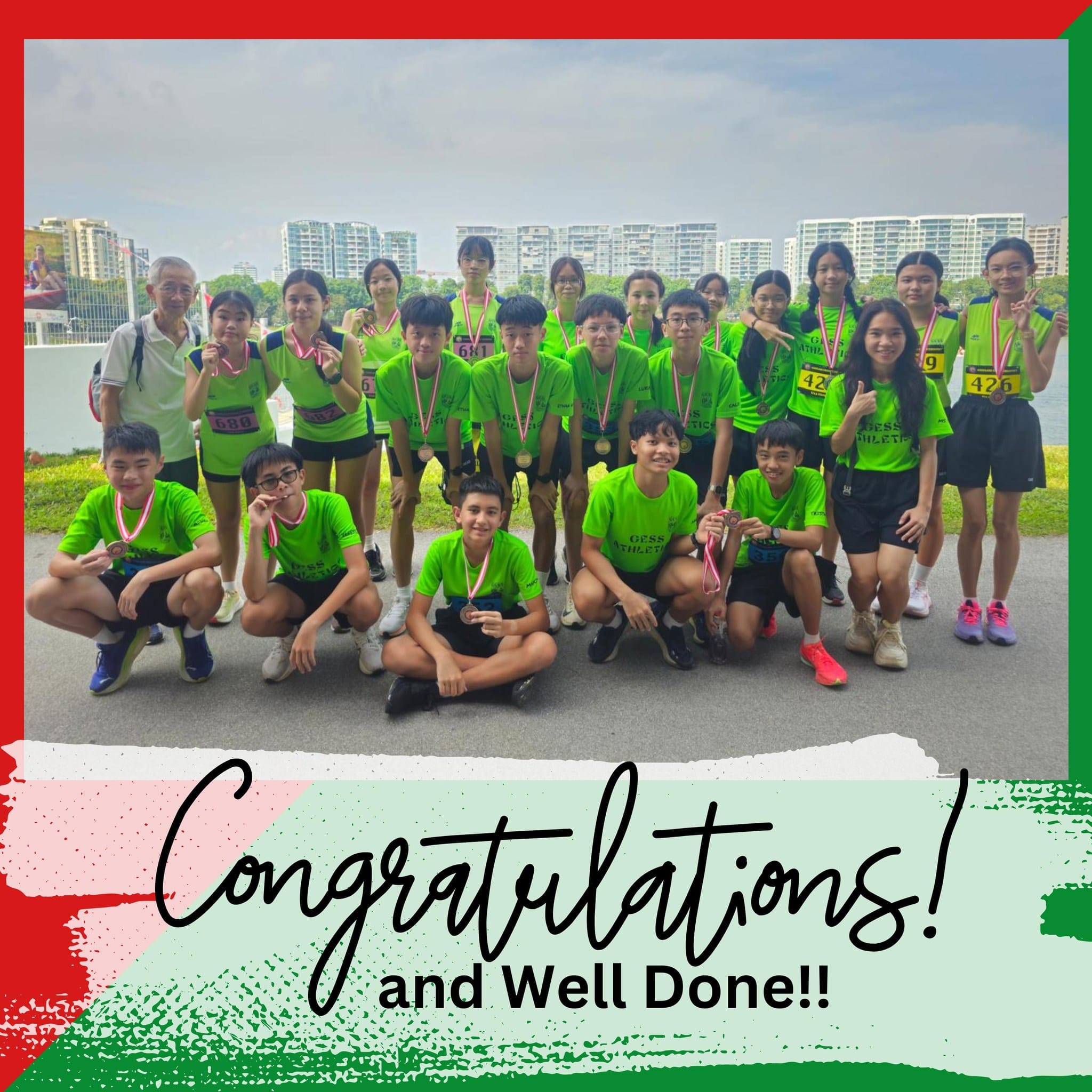 A group of young athletes in green GESS Athletics shirts pose with medals outdoors, with text reading Congratulations and Well Done.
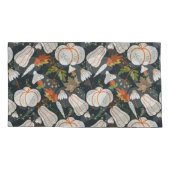 Pumpkin seamless pattern floral black and white kussensloop (Achterkant-Links)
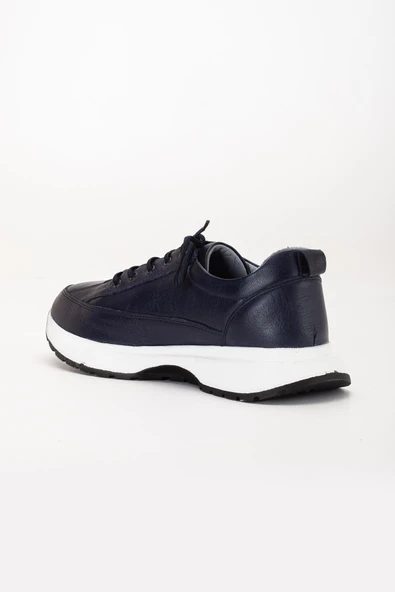 Hakiki Deri Erkek Günlük Ayakkabı Lacivert Elastik Bağcıklı Kalın Taban - Resim 5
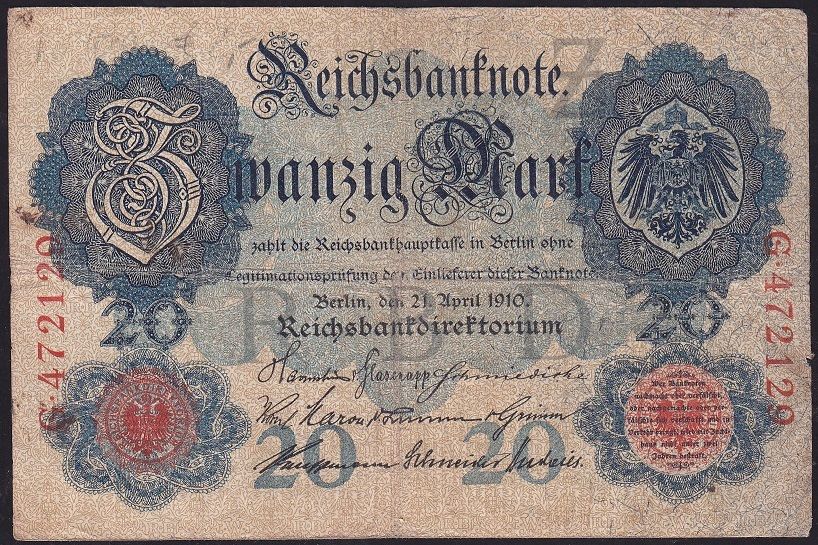 Almanya 20 Mark 1910 Çok Temiz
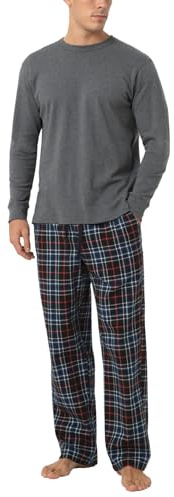 LAPASA Varm och bekväm pyjamas för män bomullstopp och flanell- eller fleecebyxor höst/vinter M79/M129, Ljusgrå topp + blå och röda byxor, XL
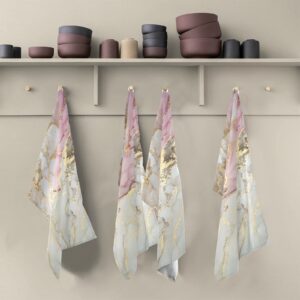 Pink Gold Marble Kitchen Dish Towels Soft Tea Towel Set of 4 Absorbent Dishcloths Hand Towels for Dish Clean Cloth 28" x 18"
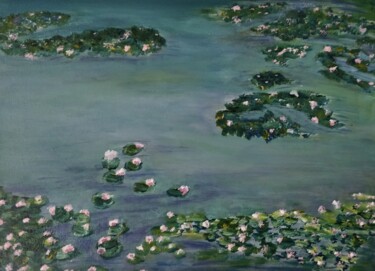 Pintura intitulada "Water Lily Pond" por Gitika Singh, Obras de arte originais, Acrílico
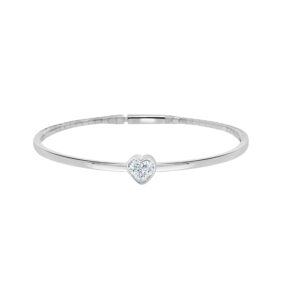 14K Gold Lab Grown Diamond Fancy Shape Halfway Bangle Heart Shape 0.38 CT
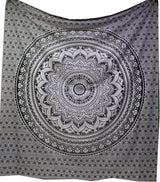 Indischer Wandteppich psychedelisches Mandala schwarz weiß India Home – Accessoires und Dekorationen Naty Shop Standardtitel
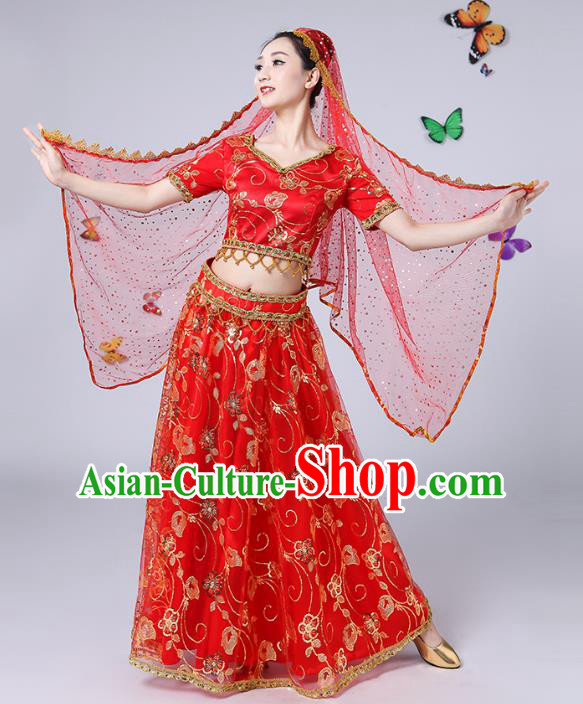 Traditional Chinese Uyghur Nationality Dance Costume, Chinese Uigurian Minority Nationality Dance Red Clothing for Women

★ ★ ★ ★

- _Work required_
For the entries above, return an exact copy that omits the images.

- _Expected answer_
 A group of young athletes in green GESS Athletics shirts pose with medals outdoors, with text reading Congratulations and Well Done.
 Pumpkin seamless pattern floral black and white kussensloop (Achterkant-Links)
 Hakiki Deri Erkek Günlük Ayakkabı Lacivert Elastik Bağcıklı Kalın Taban - Resim 5
 Almanya 20 Mark 1910 Çok Temiz
 LAPASA Varm och bekväm pyjamas för män bomullstopp och flanell- eller fleecebyxor höst/vinter M79/M129, Ljusgrå topp + blå och röda byxor, XL
 Pink Gold Marble Kitchen Dish Towels Soft Tea Towel Set of 4 Absorbent Dishcloths Hand Towels for Dish Clean Cloth 28" x 18"
 Pintura intitulada "Water Lily Pond" por Gitika Singh, Obras de arte originais, Acrílico
 14K Gold Lab Grown Diamond Fancy Shape Halfway Bangle Heart Shape 0.38 CT
 Indischer Wandteppich psychedelisches Mandala schwarz weiß India Home – Accessoires und Dekorationen Naty Shop Standardtitel
 Traditional Chinese Uyghur Nationality Dance Costume, Chinese Uigurian Minority Nationality Dance Red Clothing for Women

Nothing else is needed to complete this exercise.